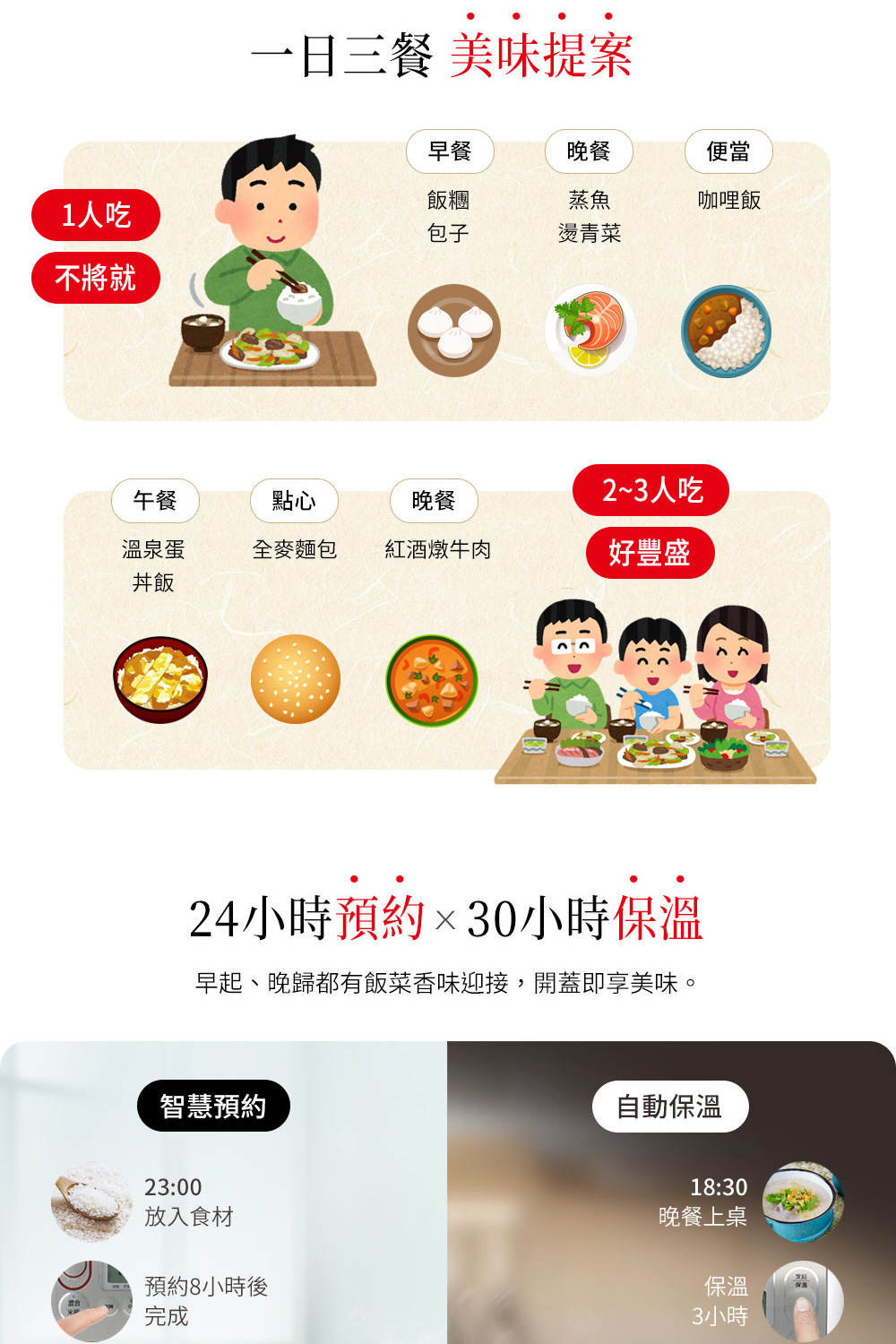 早起、晚归都有饭菜香味迎接,开盖即享美味。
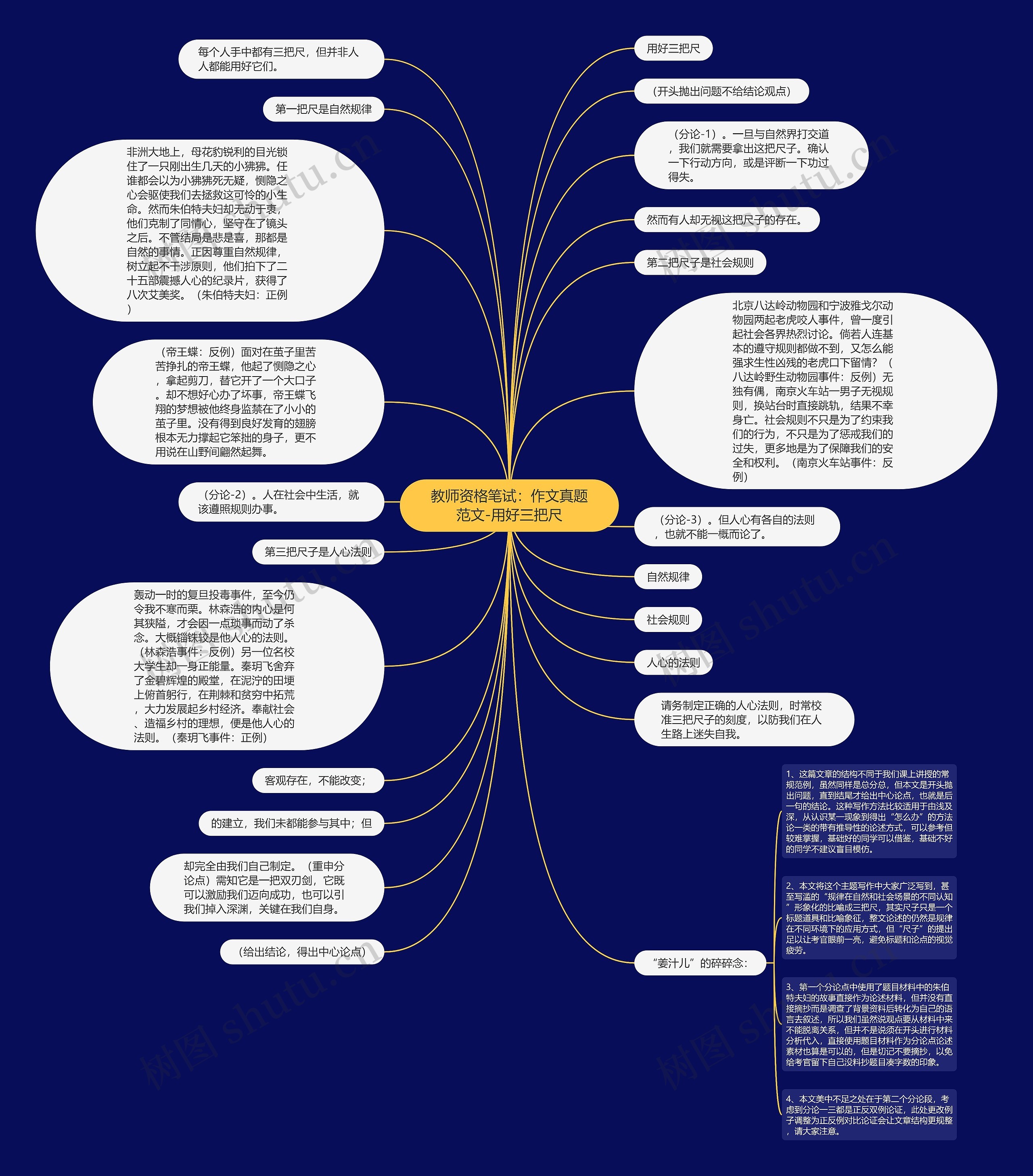 教师资格笔试：作文真题范文-用好三把尺思维导图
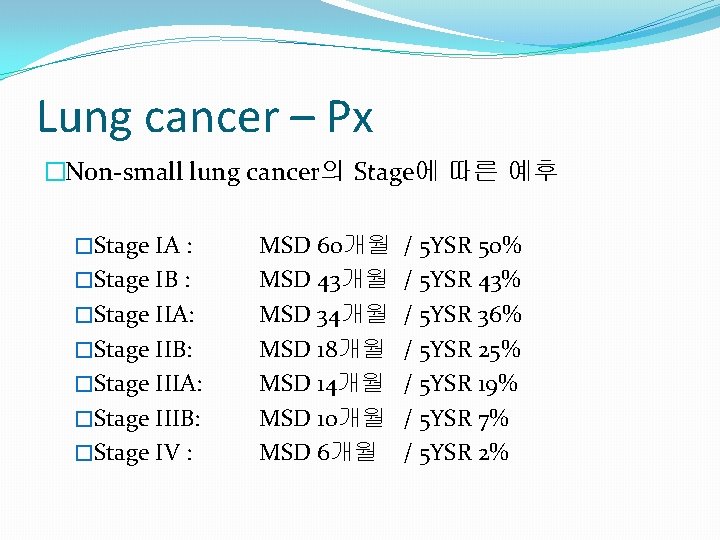 Lung cancer – Px �Non-small lung cancer의 Stage에 따른 예후 �Stage IA : �Stage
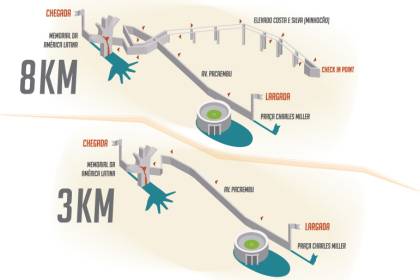 percurso skate run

● **Required work**
Restate the listing word for word, pictures omitted.

● **Completed exercise**
 早起、晚归都有饭菜香味迎接,开盖即享美味。
 教师资格笔试：作文真题范文-用好三把尺思维导图
 Lung cancer – Px �Non-small lung cancer의 Stage에 따른 예후 �Stage IA : �Stage
 percurso skate run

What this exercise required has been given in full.